# C7A - Clara Resources Australia



## System (31 August 2010)

AusNiCo is a Queensland based minerals exploration company focused on the discovery and economic development of large scale nickel projects.

http://www.ausnico.com.au


----------



## System (27 November 2013)

On November 27th, 2013, AusNiCo Limited changed its name to Aus Tin Mining Limited.


----------



## greggles (23 January 2018)

Aus Tin Mining has been making some solid gains recently after some good drilling results at the company's Mt Cobalt project, approximately 40km west of Gympie in Queensland.

Updates released today and in December have revealed high cobalt grades at shallow depth.

The company intends to accelerate its exploration and drilling at Mt Cobalt during 2018, so there will be more updates to come.


----------



## greggles (20 April 2018)

After peaking at 3.7c in mid-February, Aus Tin Mining experienced a significant retrace back to 1.5c, but is bouncing back well today.

This afternoon the company announced that a new $2.5M Convertible Security Funding Agreement has been executed with the Australian Special Opportunity Fund L.P, a fund managed by The Lind Partners. The fixed conversion price of $0.035 per share represents a 105 percent premium to the Company's 5‐day VWAP. The funds will be used to meet exploration, general corporate and working capital costs and is anticipated to provide funding to production at Granville, pre‐construction activities at Taronga and exploration at Mt Cobalt.


----------



## Dona Ferentes (21 October 2020)

after Peiking, is Ulaan Bator?

Bouncing along the bottom, 0.1c though it may do a Lazarus soon?


> *Project Development *
> The Company is advanced on negotiations to acquire a new project and anticipates finalisation of the transaction in the coming days.
> 
> *Entitlement Offer* – Closing Date
> In light of the above, the Closing Date for the Company’s current Entitlement Offer will be extended to Friday 30 October 2020.

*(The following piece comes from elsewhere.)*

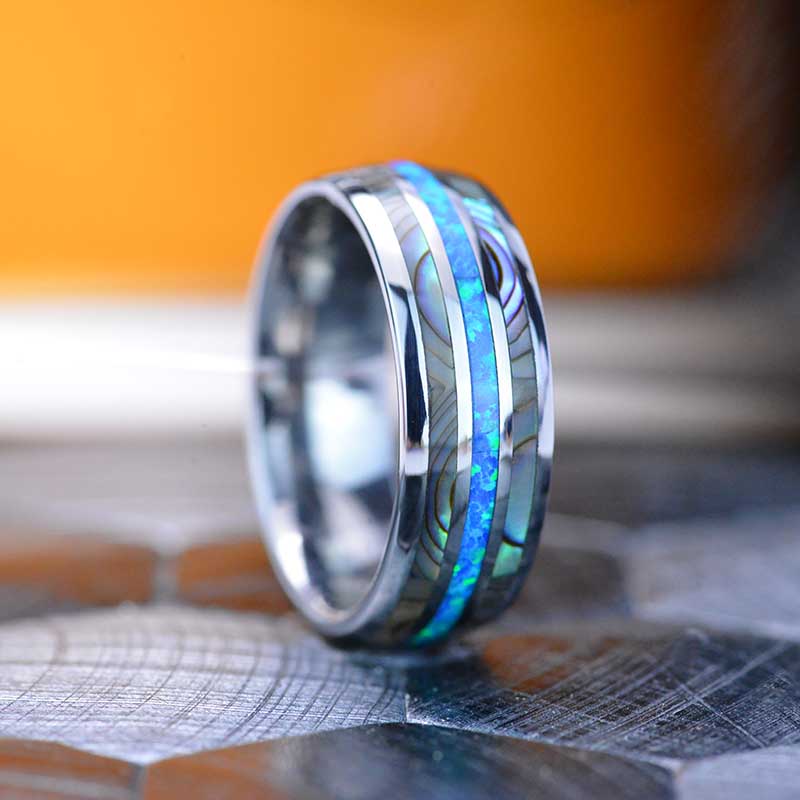 Genuine Australian Blue Fire Opal with Abalone Shell Tungsten Ring For Him For Her Genuine Australian Blue Fire Opal with Abalone Shell Tungsten Ring For Him For Her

_fortune favours the insiders_


----------



## Dona Ferentes (24 November 2020)

speed bumps?





new strategy

*Leverage existing assets*
... Proposed drilling at Taronga (tin-silver-copper) for updated feasibility & inventory
_*Diversify commodity base *_
... Proposed acquisitions of Ashford Coking Coal Project and Mackenzie Coal Project announced
... Proposed Farm-In at Lachlan Fold Belt  (copper-gold) announced
*Simplify portfolio with exploration & development focus*
.... Divest Granville
*Strengthen balance sheet*
... Debt conversion in conjunction with rights issue
... Repay / refinance existing con-note

Good luck to the punters


----------



## System (4 November 2022)

On November 4th, 2022, Aus Tin Mining Ltd (ANW) changed its name and ASX code to Clara Resources Australia Limited (C7A).


----------